I have written the following little test case:

#include <set>
#include <string>

struct Foo
{
    std::string mBar;
    bool operator<(const Foo& rhs) const
    {
        return mBar < rhs.mBar;
    }
    Foo(const std::string bar) : mBar(bar) {};
};

typedef std::set<Foo> Foos;

int main()
{
    Foos foos;
    foos.emplace(std::string("Hello"));
}

Under G++ 4.7.2, this fails to compile:

[john.dibling@somewhere hacks]$ g++ -o main.o -std=c++0x -c main.cpp
main.cpp: In function ‘int main()’:
main.cpp:19:10: error: ‘Foos’ has no member named ‘emplace’

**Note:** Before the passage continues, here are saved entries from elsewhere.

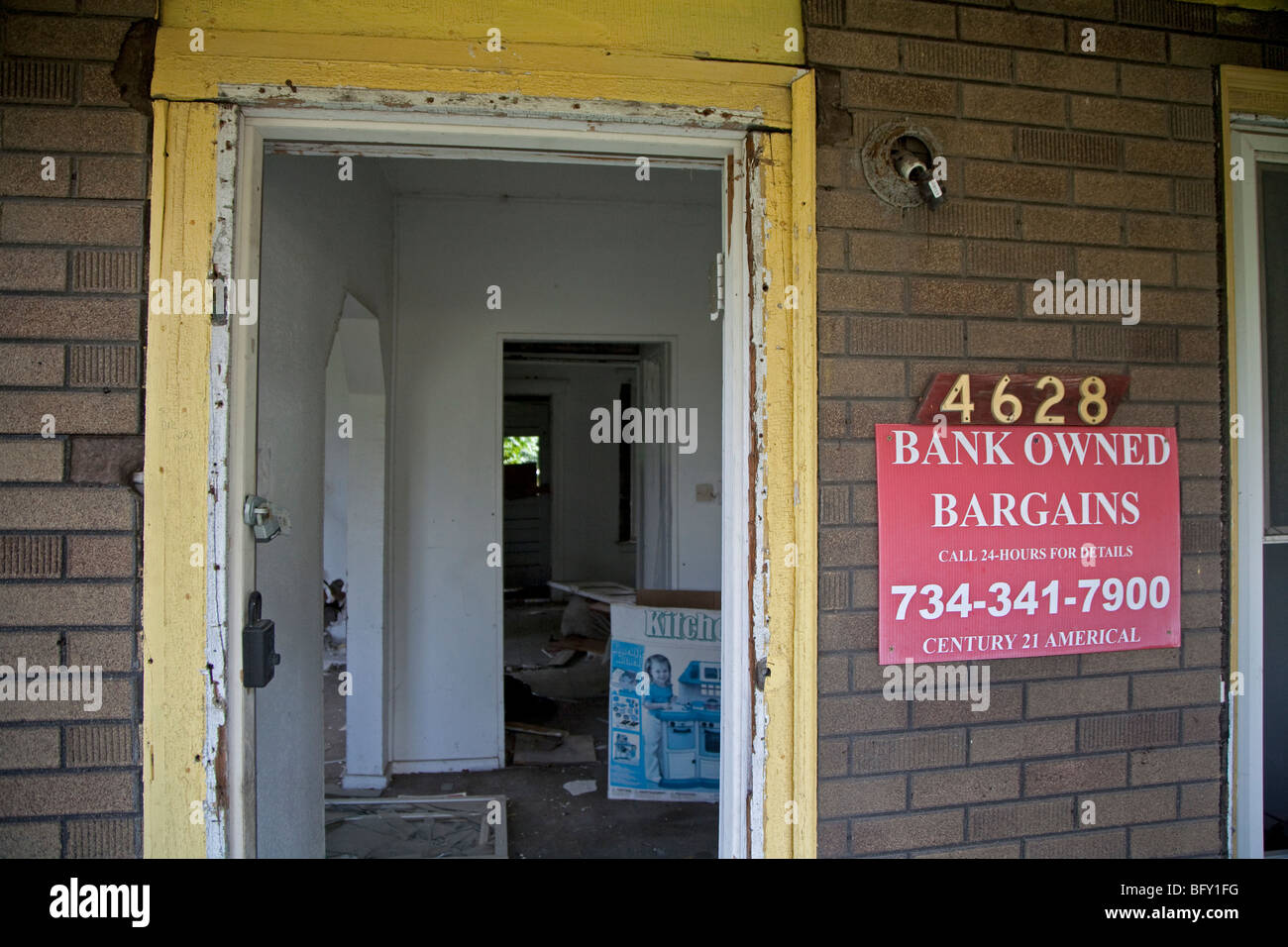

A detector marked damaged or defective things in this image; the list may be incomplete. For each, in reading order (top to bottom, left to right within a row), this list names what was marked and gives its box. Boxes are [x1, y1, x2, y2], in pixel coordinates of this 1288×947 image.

damaged flooring [321, 602, 717, 864]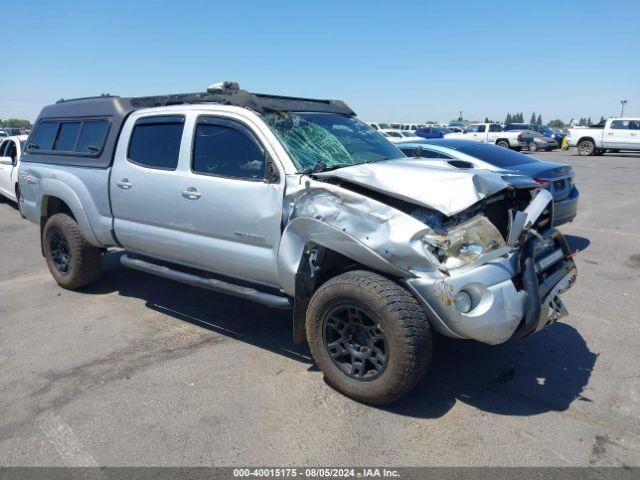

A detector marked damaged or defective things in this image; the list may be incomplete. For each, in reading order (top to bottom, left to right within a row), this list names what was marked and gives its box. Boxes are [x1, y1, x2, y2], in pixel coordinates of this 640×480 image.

cracked windshield [264, 112, 402, 172]
crumpled hood [316, 159, 510, 216]
severe front-end damage [278, 160, 576, 344]
destroyed headlight [422, 217, 508, 272]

Also fails to compile under IDEOne, however it does compile under MSVC 2012 Update 1.

Was it helpful?

Solution

It is not implemented in gcc 4.7.2.

There is some explanation:

Just to clarify a bit: this wasn't an oversight. We had the nasty problem in the Draft C++0x Standard with std::pair, which essentially made impossible adding the emplace_* members to std::map, std::multimap, etc, without breaking existing user code. Thus we waited on that, until things got clarified in this whole area. Now it's actually possible to work on those facilities.

Your code compiles nicely with gcc 4.8.0, see LWS.

OTHER TIPS

emplace() for associative containers was added in libstdc++ for gcc 4.8.0, under gcc 4.7.2 it won't work.